Houston-based Goodrich Petroleum Corp. announced Dec. 20 it will earmark around $90 million to $100 million for its capital expenditure next year, trimming its previous estimate by $40 million.
The spending will focus on 11 gross horizontal wells and to complete the core Haynesville shale wells in the Bethany-Longstreet and Thorn Lake areas of Caddo, DeSoto and Red River parishes, La.
The company will start fracturing operations on two Cason-Dickson wells in the Thorn Lake area of Red River Parish in January and will also frack two Loftus wells in the Bethany-Longstreet field in DeSoto Parish.
Goodrich also plans to ramp up a rig in the North Louisiana Haynesville acreage to be followed by a second rig during the second quarter.
The oil and gas exploration firm expects 2019 production to grow by 90% to 105% compared with 2018 figures to a range of 49.3 Bcfe to 52.9 Bcfe.
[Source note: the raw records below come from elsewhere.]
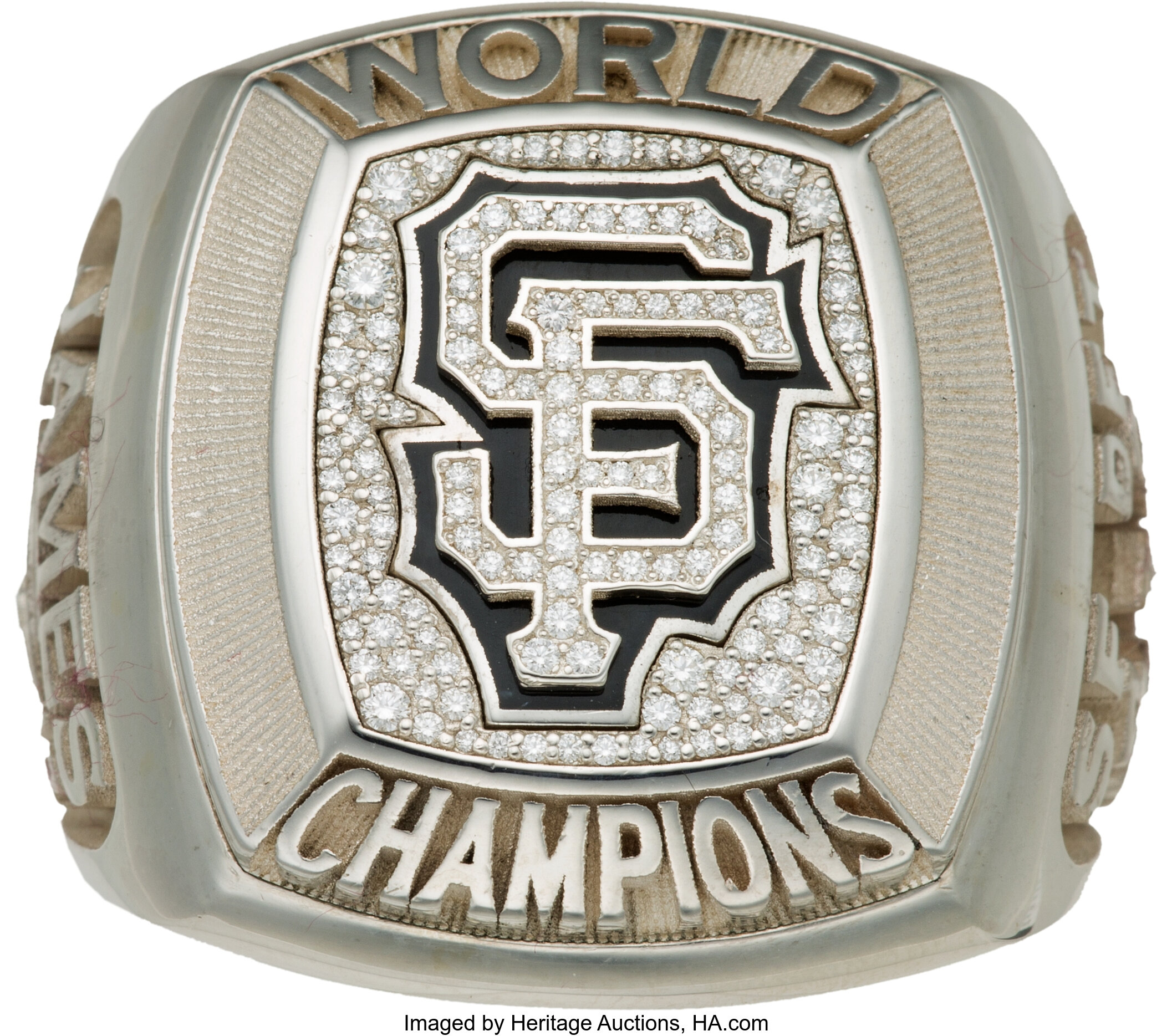 The World Series champion Giants get their rings - Mangin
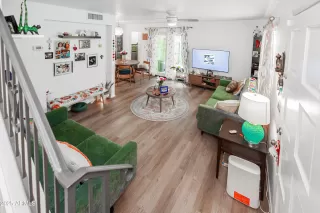 Photo #6: 6923165 Listing 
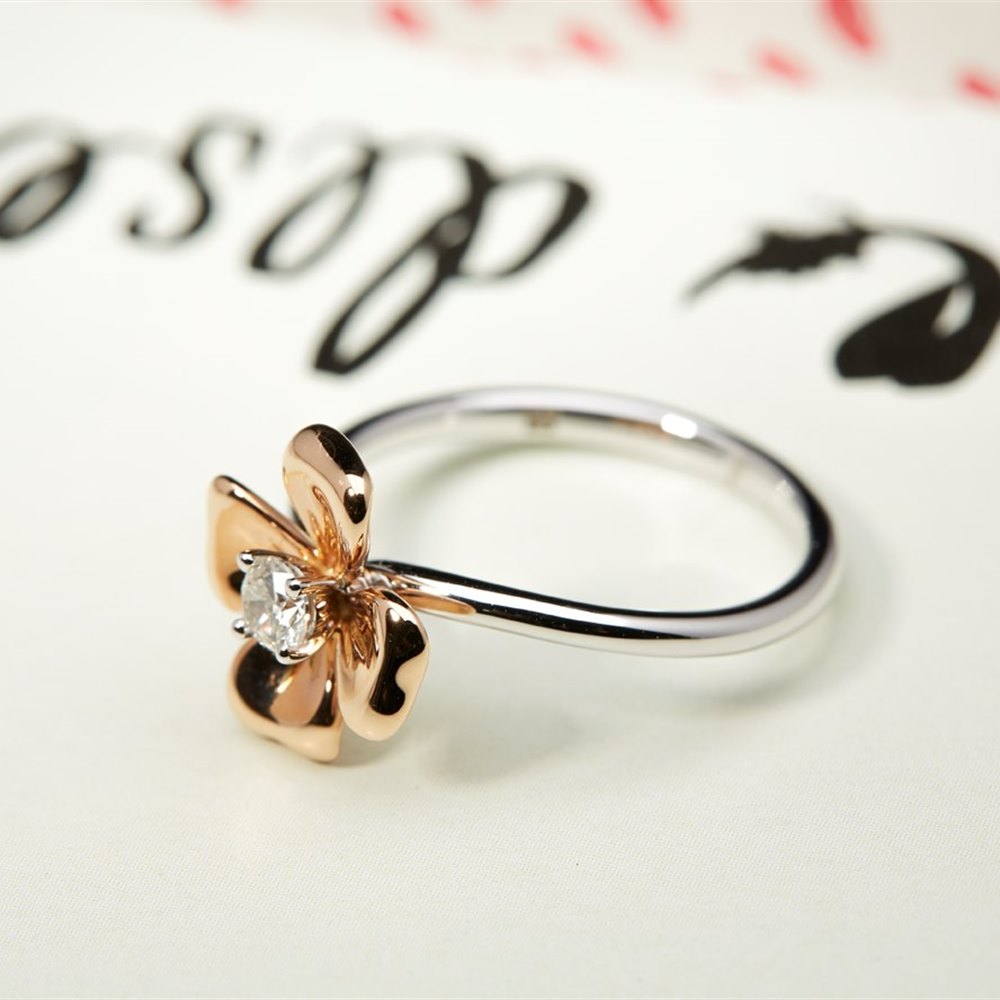 Mappin & Webb 18k White & Rose Gold 0.15ct Diamond Flower Ring
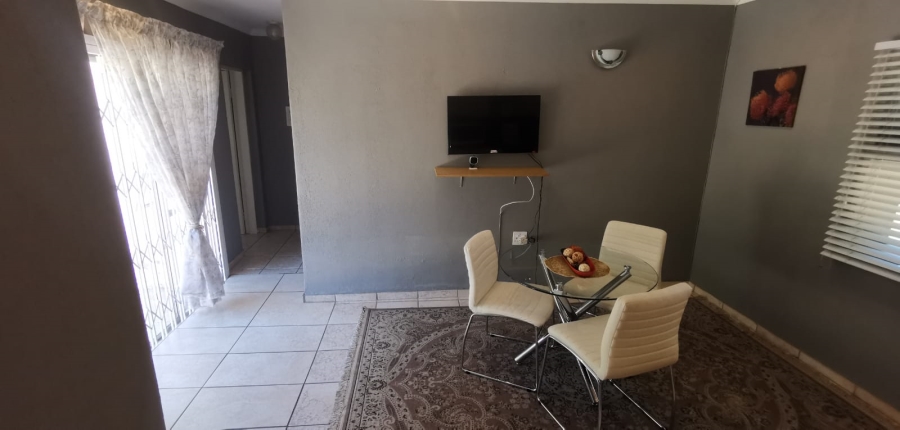 5 Bedroom Property for Sale in Brackendowns Gauteng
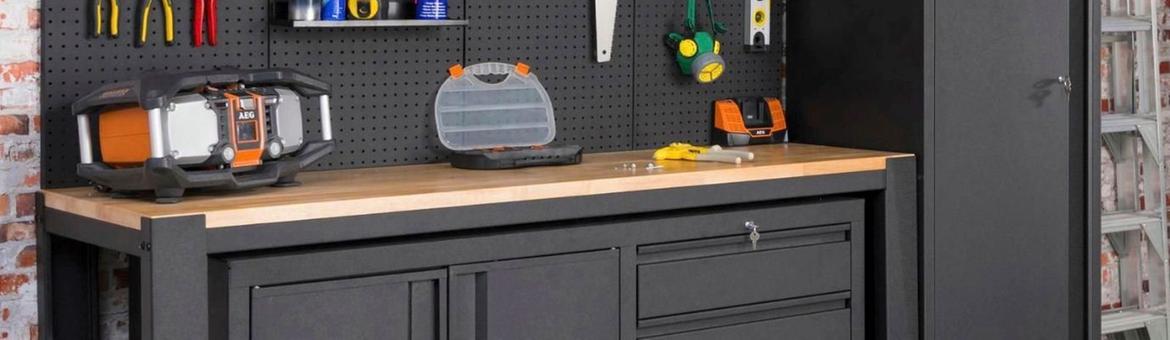 Tool cabinet.jpg Tool cabinet.jpg
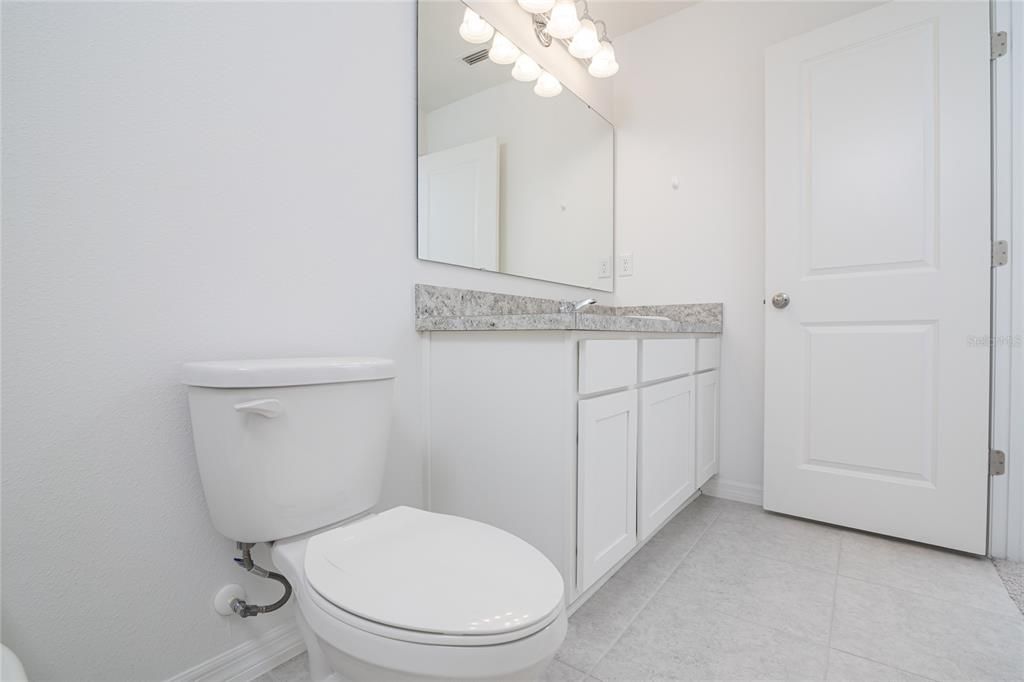 Active With Contract: $1,900 (3 beds, 2 baths, 1480 Square Feet)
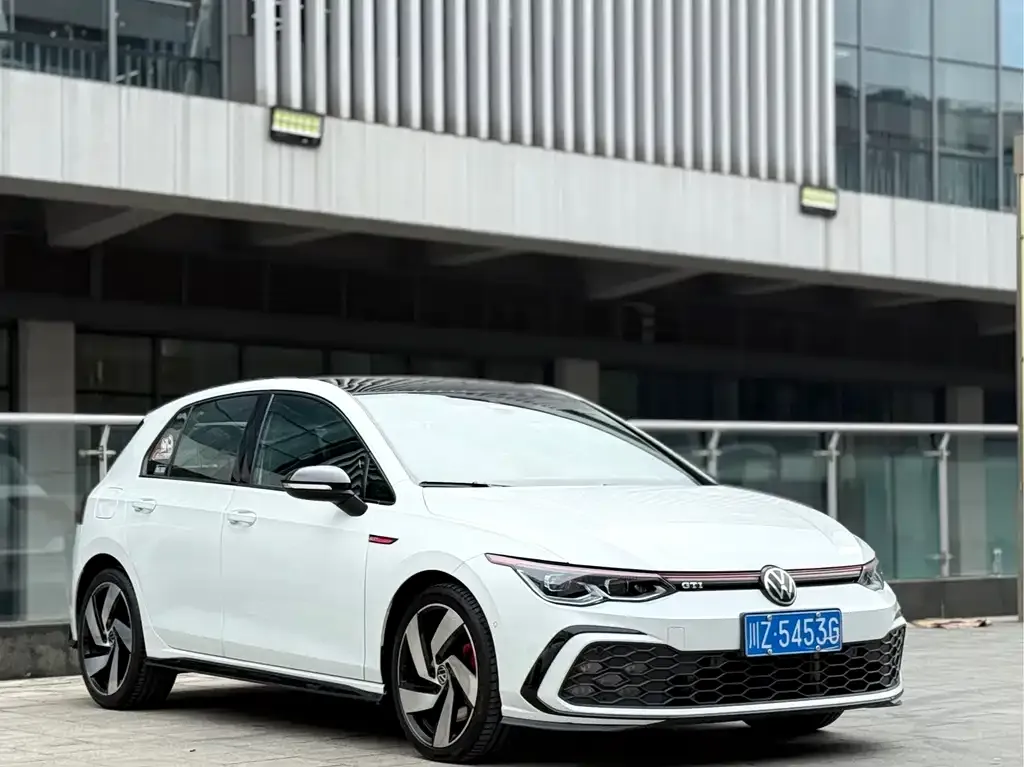 Volkswagen Golf GTI — фото 3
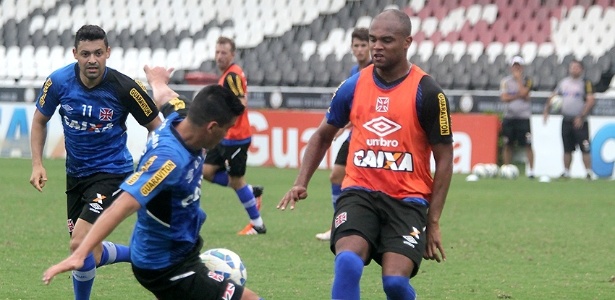 Gramado passou por melhorias, mas não estará 100% para Vasco x Corinthians - Paulo Fernandes / Site oficial do Vasco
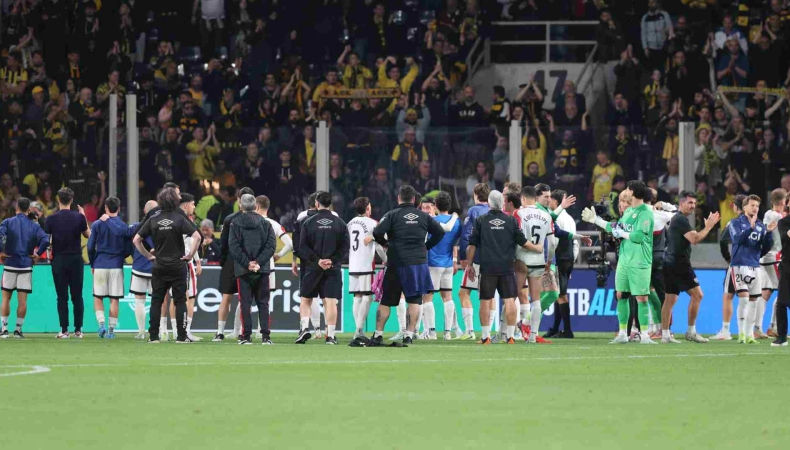 Imagine Stire Andrei Rațiu și colegii de la Rayo, gest superb făcut pe teren după ce au eliminat AEK-ul lui Răzvan Marin! | 2review.ro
Natural gas will dominate production at 98%.
It expects earnings before interest, tax, debt and amortization, or EBITDA, to be aligned with its 2019 capital expenditures and expects to end 2019 with 1.0 times debt to EBITDA.
For the third quarter, Goodrich earned $1.7 million, or 14 cents per share, up from $0.7 million, or 7 cents per share, in the same quarter the previous year.